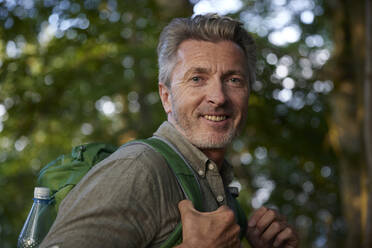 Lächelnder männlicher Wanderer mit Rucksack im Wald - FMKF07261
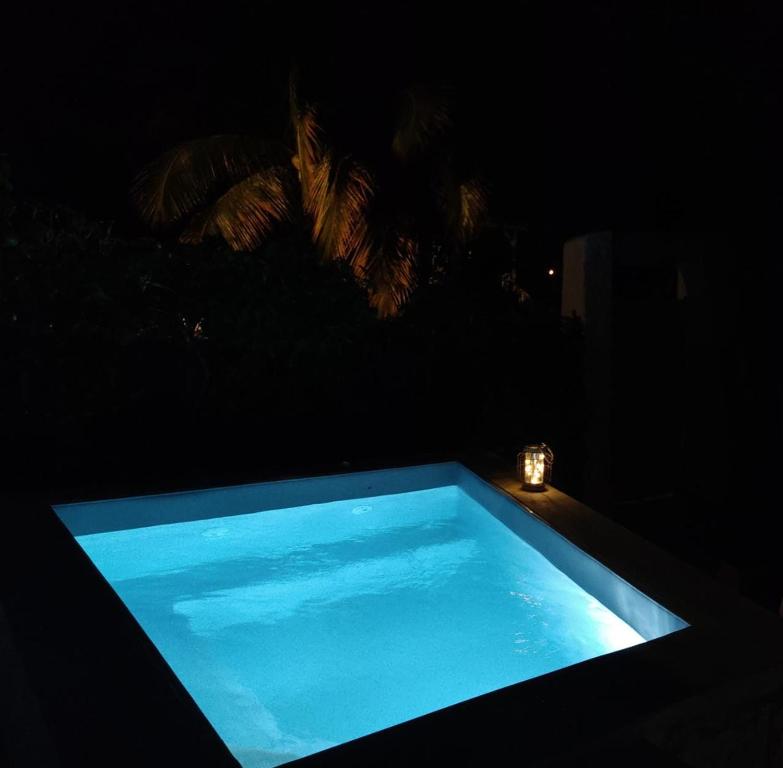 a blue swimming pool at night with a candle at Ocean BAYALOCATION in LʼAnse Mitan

──────────

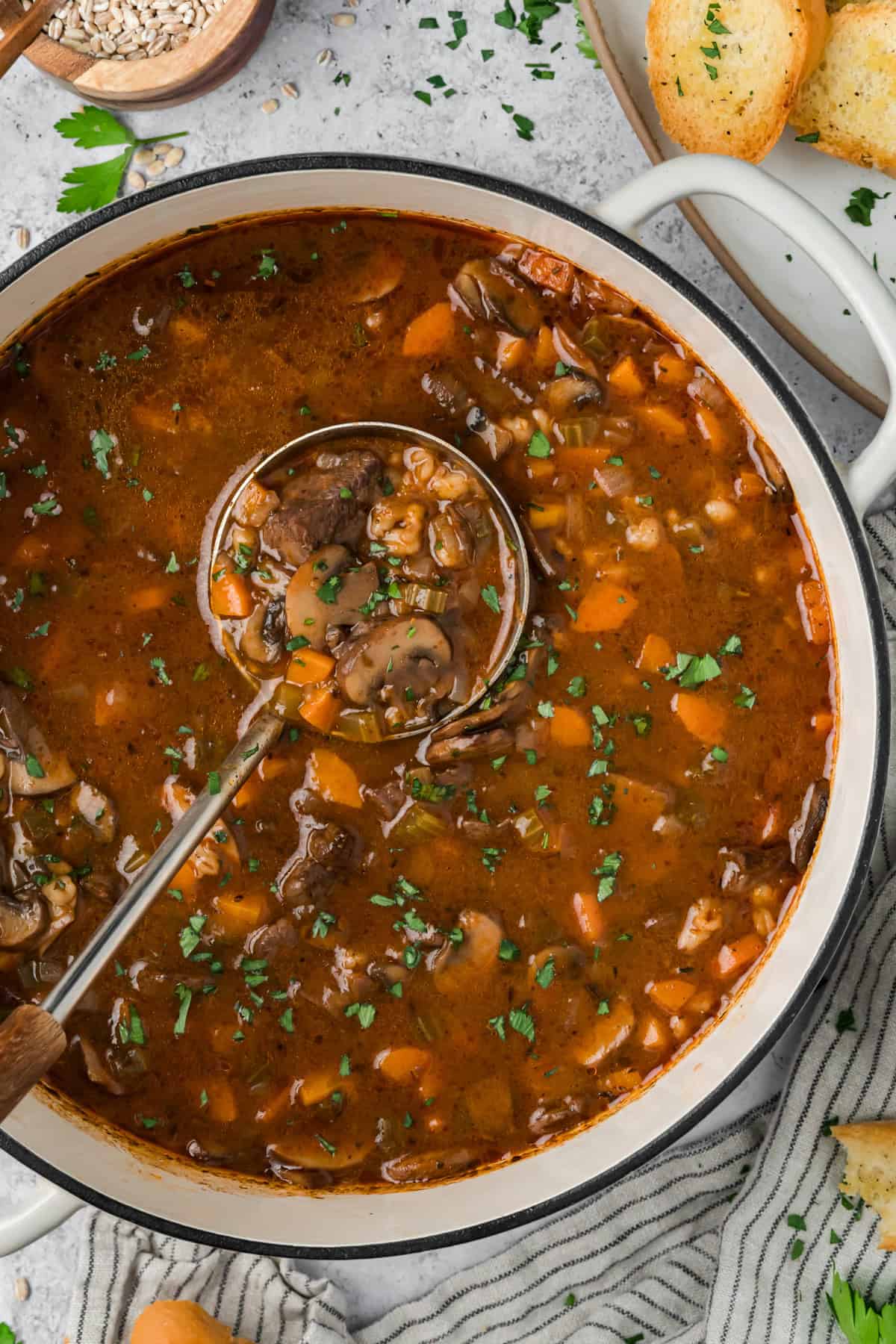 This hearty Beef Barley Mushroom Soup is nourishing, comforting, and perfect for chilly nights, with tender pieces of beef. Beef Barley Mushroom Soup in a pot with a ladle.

──────────

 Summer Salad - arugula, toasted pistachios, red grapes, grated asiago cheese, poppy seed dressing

──────────

### Required work
For this exercise, return exactly the lines above from the line with "Lächelnder männlicher Wanderer" through the line with "a blue swimming", both included. Do not copy the pictures.

### Answer box
 Lächelnder männlicher Wanderer mit Rucksack im Wald - FMKF07261
 a blue swimming pool at night with a candle at Ocean BAYALOCATION in LʼAnse Mitan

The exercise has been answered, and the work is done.